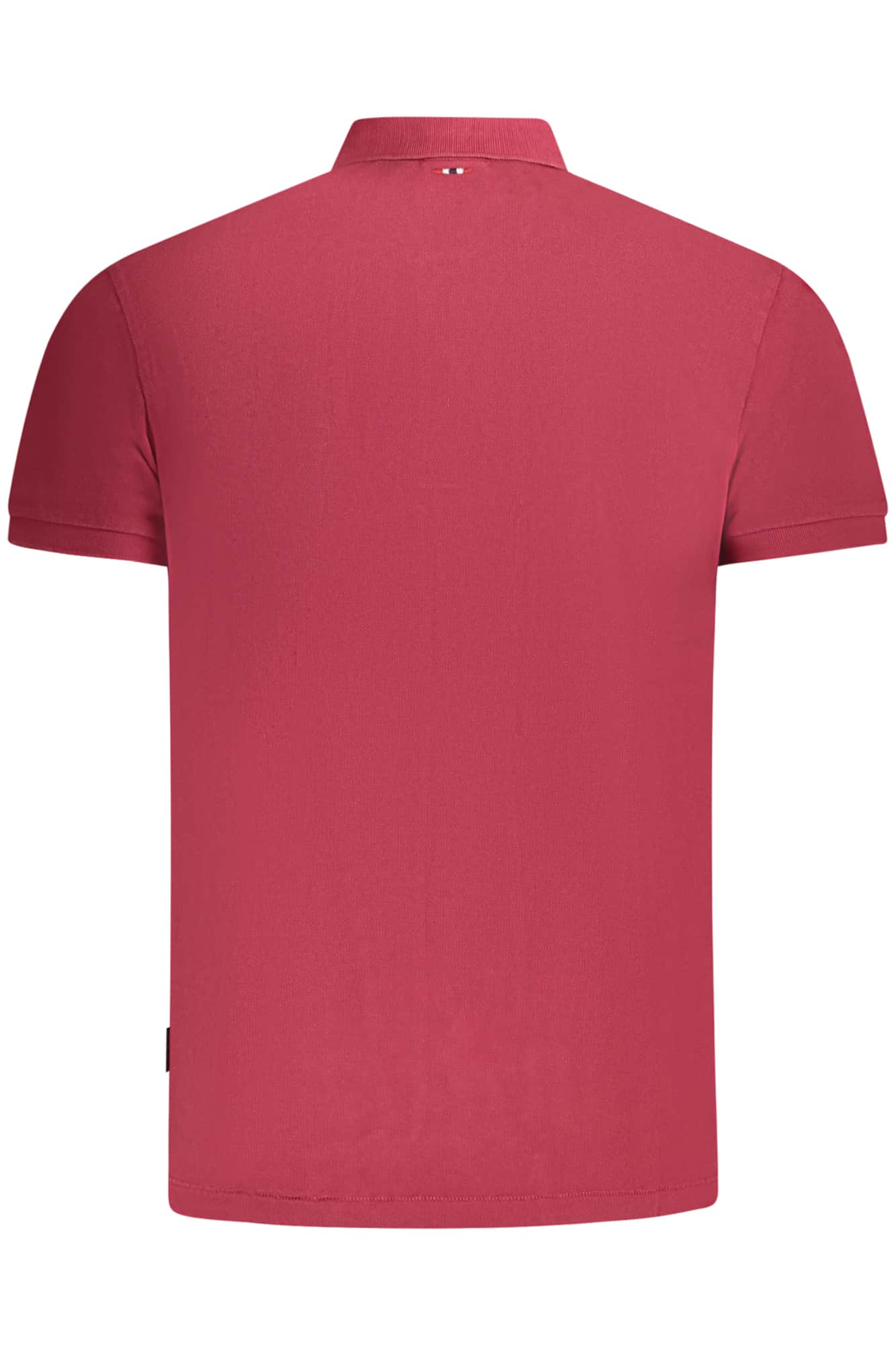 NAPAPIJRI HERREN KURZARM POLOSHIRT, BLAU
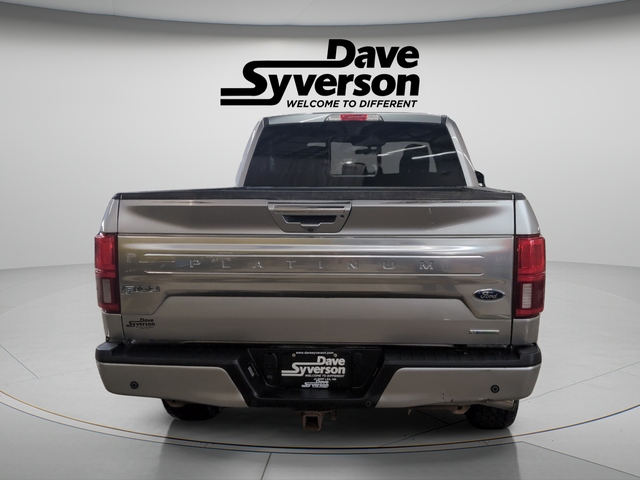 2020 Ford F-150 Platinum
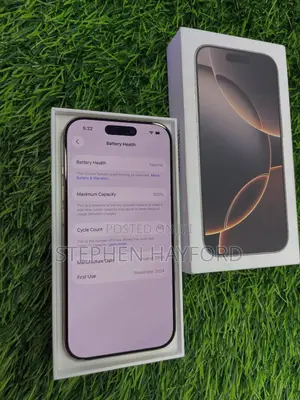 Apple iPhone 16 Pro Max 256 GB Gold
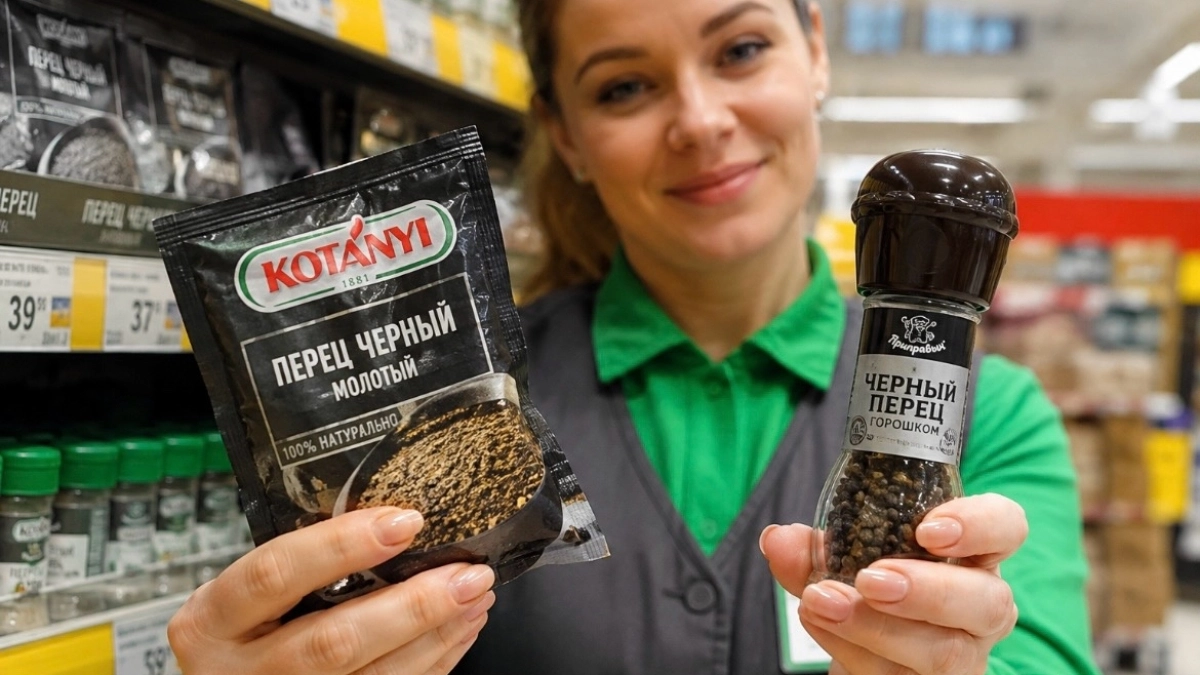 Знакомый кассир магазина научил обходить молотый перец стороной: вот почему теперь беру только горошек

______

Task to carry out: Write out every line above exactly, minus images.

Solution to this task:
 NAPAPIJRI HERREN KURZARM POLOSHIRT, BLAU
 2020 Ford F-150 Platinum
 Apple iPhone 16 Pro Max 256 GB Gold
 Знакомый кассир магазина научил обходить молотый перец стороной: вот почему теперь беру только горошек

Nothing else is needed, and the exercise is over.